I've killed too many of them to try again ! 
THanx for posting.


----------



## Elena (Dec 8, 2008)

I keep coming back to look at it :drool:
I'm not familiar with this genus so I'd love a little more info. Are they large plants? Difficult to grow? What sort of conditions do they like?
Thanks!


----------



## Paul (Dec 8, 2008)

they are small plants (no more than 15cm high) with very big spikes compared to the plant. that's probably why they can die after a bloom if not feed enough the whole year (enough light and enough fertilizing). They really like high humidity levels (70-90% day/night). so they grow best into a greenhouse.


----------



## Elena (Dec 8, 2008)

Thank you


----------



## SlipperFan (Dec 8, 2008)

Paul said:


> no, if well grown. I have been growing this one for more than 2 years and it's bigger and bigger. I have seen growers with nearly 100 flowers after only a few years. regular feedings and watering especially during the bloom are very important. And with the fertilizer, only use good water such as rain water. Not hard water.

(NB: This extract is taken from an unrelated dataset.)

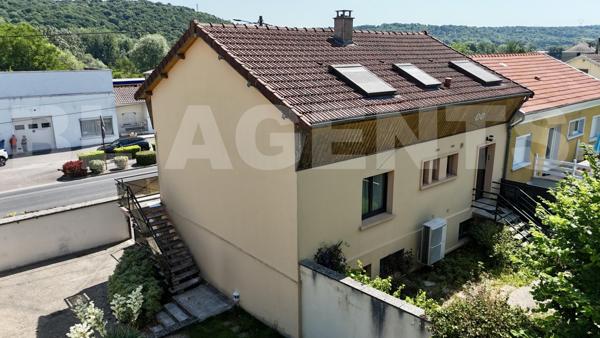 maison/villa 8 pièce(s) 122 m2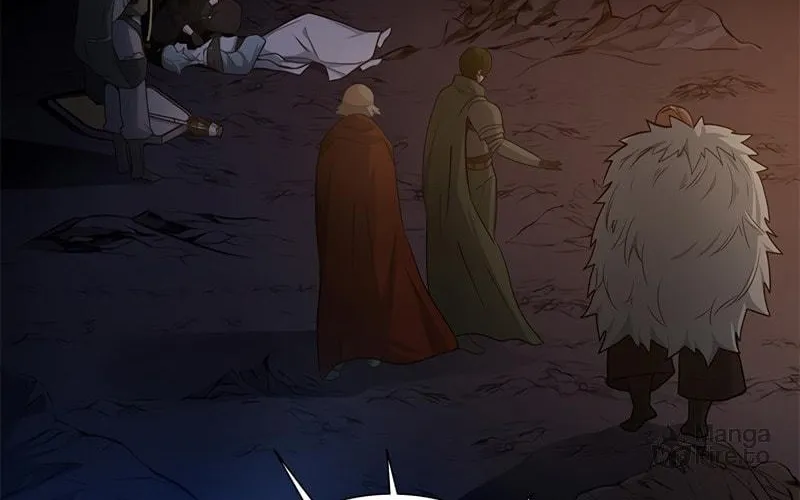 The Tutorial Is Too Tough! Chapter 96 page 35 -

That's the key, isn't it? And the trick -- to grow them well. I can't tell by your photo if yours is in a pot or is mounted. I think growing them in a pot is problematic.


----------



## Paul (Dec 9, 2008)

Well, I will have to post a photo of the plant. It not really mounted but not in pot 

See David Jubineau's website and you will understand (sorry it's in French!  )

http://pagesperso-orange.fr/bulbo-and-co/pages2/culture_en_soucoupepag.html

1-2 cm expanded clays + more or less sphagnum on the top with the plant


----------



## Paul (Dec 9, 2008)

here is the whole plant:


----------



## JeanLux (Dec 9, 2008)

sorry Paul, , I don't see it!! Nevertheless, this is a real top interesting system. Have to try it! BTW, your plant and flowers are great!!!! Jean


----------



## NYEric (Dec 9, 2008)

Thanx for the link, some beautifully grown plants there.


----------



## Paul (Dec 9, 2008)

NYEric said:


> Thanx for the link, some beautifully grown plants there.



I'm trying this with some Paphs that don't grow very fast in my pots: volonteanum, tirginum and javanicum.


----------



## NYEric (Dec 9, 2008)

Keep us posted [w/ photos] on that project, please. BTW, your latest photos still aren't linking.


----------



## SlipperFan (Dec 9, 2008)

NYEric said:


> Keep us posted [w/ photos] on that project, please. BTW, your latest photos still aren't linking.


Not for me, either.


----------



## Greenpaph (Dec 9, 2008)

All of the above!

One of my favorites!


----------



## Paul (Dec 10, 2008)

Ok, I try something else, does it work with a link? 

http://picasaweb.google.com/lh/photo/DrtcS7r_eVW1qWP2sp_uKQ?authkey=lTOOuwILp48


----------



## Bolero (Dec 10, 2008)

That's incredible! Thanks for sharing.


----------



## SlipperFan (Dec 10, 2008)

Paul said:


> Ok, I try something else, does it work with a link?
> 
> http://picasaweb.google.com/lh/photo/DrtcS7r_eVW1qWP2sp_uKQ?authkey=lTOOuwILp48


Yes, that works. Thanks.


----------



## biothanasis (Dec 10, 2008)

Interesting growing!!!! Very nice flowers!!! Love the orange!!!!! Thanks for sharing!!!


----------